There are several original sources of the hybrids, Dutch bred and
African bred. The Africans are shorter, have smaller bulbs and work out
on a window sill better than the well known Dutch.  The Dutch hybrids
are very tall.  All are easy to buy but you need a catalog for a wide
selection.  Look in at Scheepers and see some of the new hybrids on the
market.  Pink Floyd is long lasting and an unusual form. Cybisters are
also unusual and treat to have some new ones to try, also Scheepers.

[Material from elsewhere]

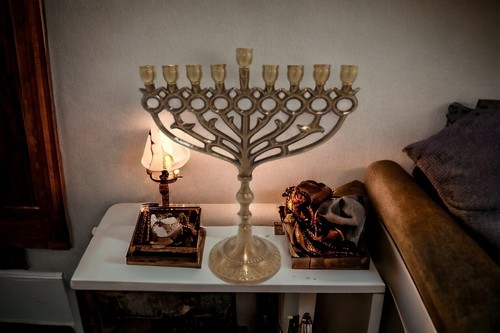 Candela Hanukkah Menorah Design Melograno 9 Rami Vintage Ottone Chanukkah - Foto 7 di 10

The size of the mother bulb is what dictates the number of scapes.  A
good sized Dutch bulb is 32-34 cm. in circumference.  A smaller sized
bulb which would be sold in the chain stores will produce usually just
one scape.  The African bred bulbs are smaller yet produce several
scapes.  To my surprise I saw some prize African CV's in Walmart this
year.   Always open the box or view the package to check the progress of
the flower scape.  If started it may be twisted around in the box and be
useless as a blooming plant this winter.  Open the box whatever way it
is sealed before you buy it.  A catalog dealer will not send such a bulb
but if you find one boxed and want it, do check.

We in the north are all done ordering anything now.  These must be put
on a reminder list for next fall. Therefore a boxed store bulb might be
you only chance.  You will not find the Haemanthus in a garden center, a
catalog order is necessary.    In the southern states other methods are
followed.  Along the gulf states and in Florida, they are grown outdoors
and follow a different timetable.

If you want to pass along any of this plus my name, feel free.  I would
write this to list but I am not able to handle any more mail this week. 
You were certainly correct, a lot of messages, fun reading.  I sent the
link on to a friend who needs more mail.

Thanks again.  It looks like great fun.  I will sign on.